Indexes are one of the cornerstones of databases. Practically every general course, and most performance articles will cover indexing, not to mention the numerous articles dedicated to indexes. So why is another article indexes warranted? Because almost all of the material on database indexes are qualitative: Selectivity is good, do not have too many indexes. This is followed by: good luck on your specific database environment.

Indexes inherently involves trade-offs. Good indexes are necessary to support SQL queries that have one or more useable search arguments (SARG). Too many indexes put too much burden on writes. Fundamentally, this calls for a quantitative model to determine the right or good set of indexes and the appropriate number of indexes.

Another issue in SQL Server is that many authors rely on the Execution Plan cost to assess goodness of an index. There is a valid point on this, in that if an index is not used, then there is no point to that index. Also, the query optimizer is supposed to pick the best or good enough execution plan for a query based on compile parameters and data distribution statistics. The problem is that the formulas for component operations in an execution plan are based on a seriously antiquated cost model that do not reflect the cost of operations in modern processers and memory environments, see SQL Server Execution Plan Cost Model or here. Here, modern probably means anything from the last 15 years or so.
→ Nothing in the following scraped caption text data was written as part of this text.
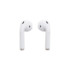 Безпровідна гарнітура Apple Airpods 2 Copy, White - 5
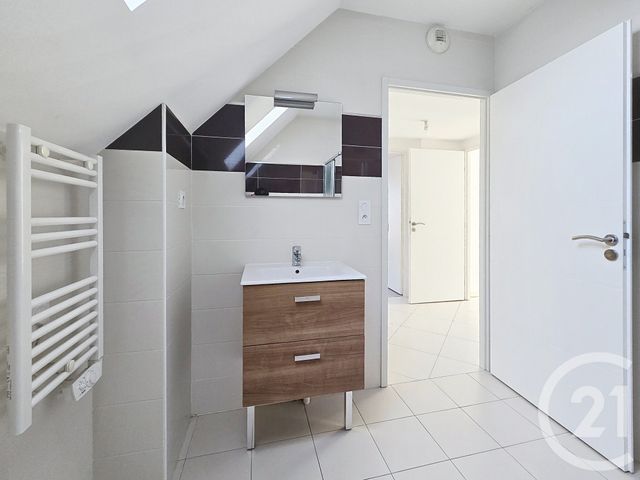 Appartement &agrave; vendre - 3 pi&egrave;ces - 57,83 m2 - Troyes - 10 - CHAMPAGNE-ARDENNE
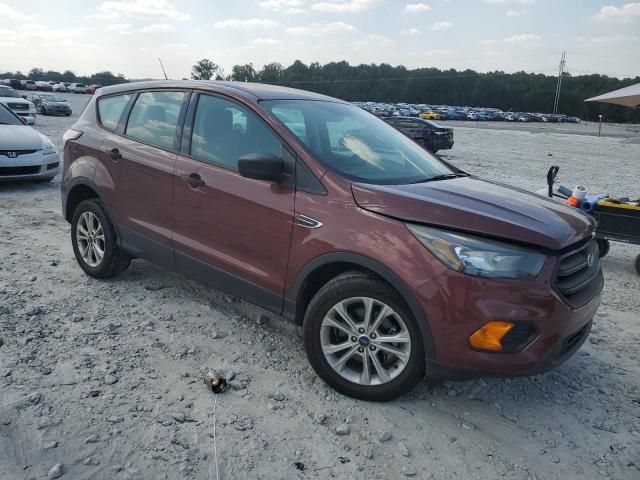 2018 Ford Escape S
The discussion here largely pertains to traditional indexes on row-stored tables, but does include Included Columns, and Filtered Indexes. The topics of Column Store, Spatial, XML, and indexes for memory-optimized tables are outside the scope.

Clustered Index vs Heap
Index Key
Included Columns
Filtered Indexes

The Primary Key

The intent of this article is to focus narrowly on indexes, and not the greater topics of the relational database, including the primary key in full. As such, the discussion here is only encompasses aspect pertinent to indexes.

Automatically Generated Keys - Identity

Some or even many introductory courses on SQL Server use examples in which every table has an identity column as the primary key, often clustered. The identity property is definitely a very useful feature for automatically generating key values. There are situations in which we seriously do not want to have generate an primary key value.

Manually Generated Key

That said, there are situations in which we might want to generate our own primary key. One, a table in which new rows are rarely inserted. The relational database purist view is that the primary key is an abstract entity meant only to uniquely identify a particular having no real-world meaning. The fact is real-world organizations like to communicate in a code specific to their field. It may take time for an outsider to learn, but the organization works that way.
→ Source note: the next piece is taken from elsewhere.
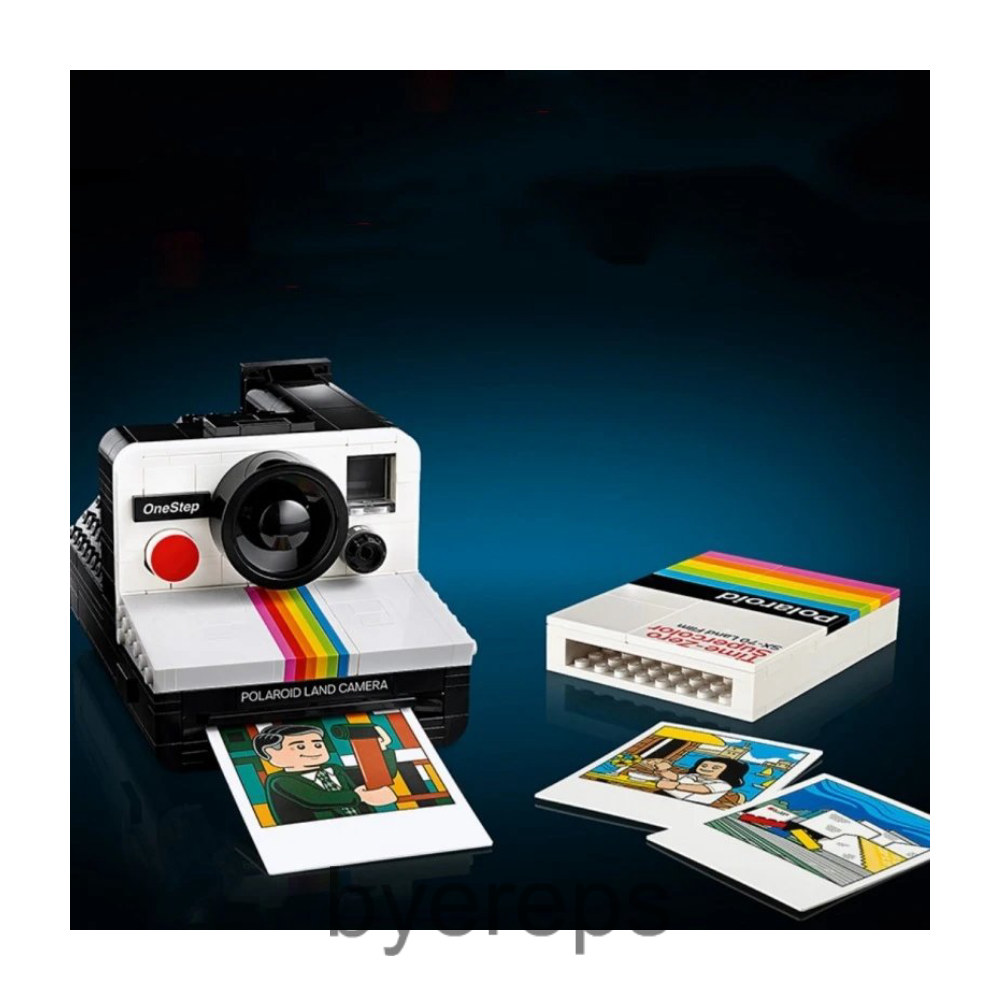 Lego Polaroid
Second, consider the example of an OrderLine (LineItem) table, which has a row for each line item from it parent, the Orders table. We might want the key in this table to consist of two columns. One being the Order key value. The second being a sequential number starting with one. Every order has one or more lineitems, so line item 1 exists for every order.

The third example is a join table. Each row in table A may match to several rows in table B, and vice versa. For this we have join table AB, which has two key columns, one being the key value of table A and the second being the key value of table B. Table AB does not have more than one row for any one A and B combination. In this case, the key of table AB is two column combination of the A and B keys. No separate identity column is necessary.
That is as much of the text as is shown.